The Godsend (1980) review

The Godsend posterDirector: Gabrielle Beaumont

Starring: Malcolm Stoddard, Cyd Hayman, Angela Pleasence, Wilhelmina Green

“Do you know what a cuckoo does? It lays its egg in another bird’s nest. And do you know what the fledgling does? It pushes the others out, one after the other, until it has the complete attention of the parents. That’s Bonnie. Bonnie must go.” (Alan, The Godsend)

You can tell a film is iconic when it spawns its own brood of knock-offs.
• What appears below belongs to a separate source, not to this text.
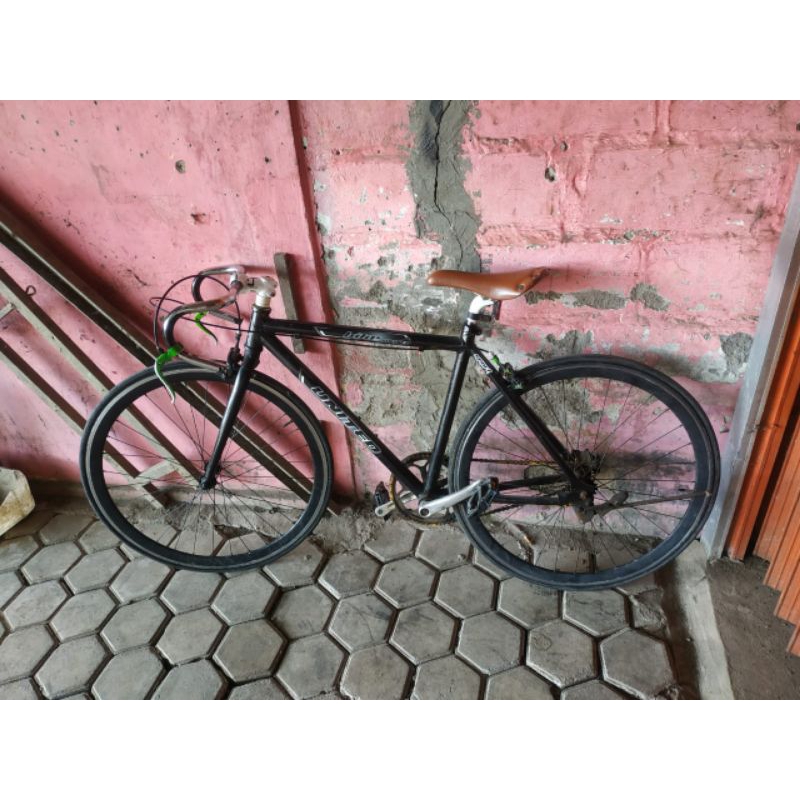 SEPEDA FIXIE UNITED SOLOIST71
Take Night Of The Living Dead and the way every zombie film that followed had shambling, moaning monsters just like Romero’s, for example.

Another shining example is The Omen, the success of which saw a subsequent sharp increase in the number of films about spooky religious kids: Bless The Child, Children Of The Corn, even its own sequel, Damien: Omen II.
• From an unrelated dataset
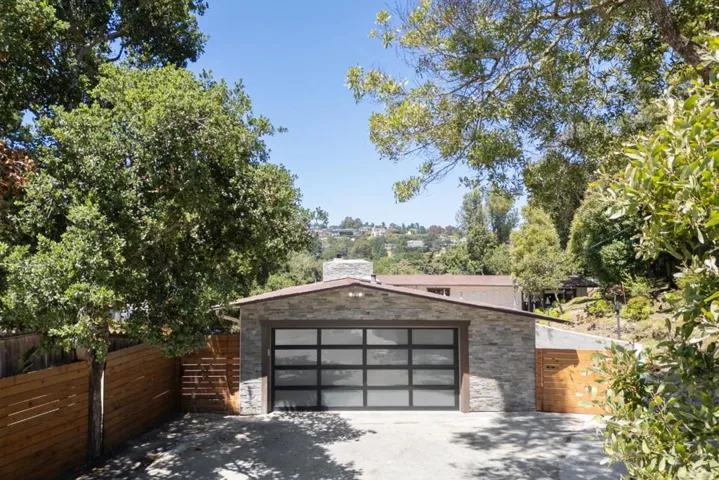 25165 Stewart Place, Carmel, California 93923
The Godsend is one of these offshoots, going so far as to go right down the ‘British couple inherits child that isn’t theirs’ route. And you know, it isn’t absolutely terrible, even though it’s about as original as a Harlem Shake video.

Alan Marlowe and his wife Kate seem to be living the perfect life, with four children – the newest only recently born – and a large house in the countryside.

However, things take a turn for the tits-up when they head to a meadow for a picnic and encounter a heavily pregnant woman while they’re there.

"Are you sure it isn't just a massive shite you're needing, missus?"
“Are you sure you’re pregnant? You’re sure it isn’t just a massive shite you’re needing?”

Inviting her back to the their home, the couple start to get a little creeped out by the woman (played by Donald Pleasence’s daughter Angela), but as she goes to leave she starts to have her baby.

After popping out her sprog, she leaves in the middle of the night, leaving her newborn daughter behind and forcing the Marlowe family to raise her like one of their own.

What Alan and Kate don’t realise, however, is that the new baby – who they name Bonnie – is a bit of a prick.

The warning signs are there early on when they put Bonnie and their own newborn into the same crib. When they check in on the babies later their own has mysteriously died.

As the years progress, the rest of their children begin to die, one by one, in odd circumstances. Are these all unfortunate accidents, or could Bonnie be behind them?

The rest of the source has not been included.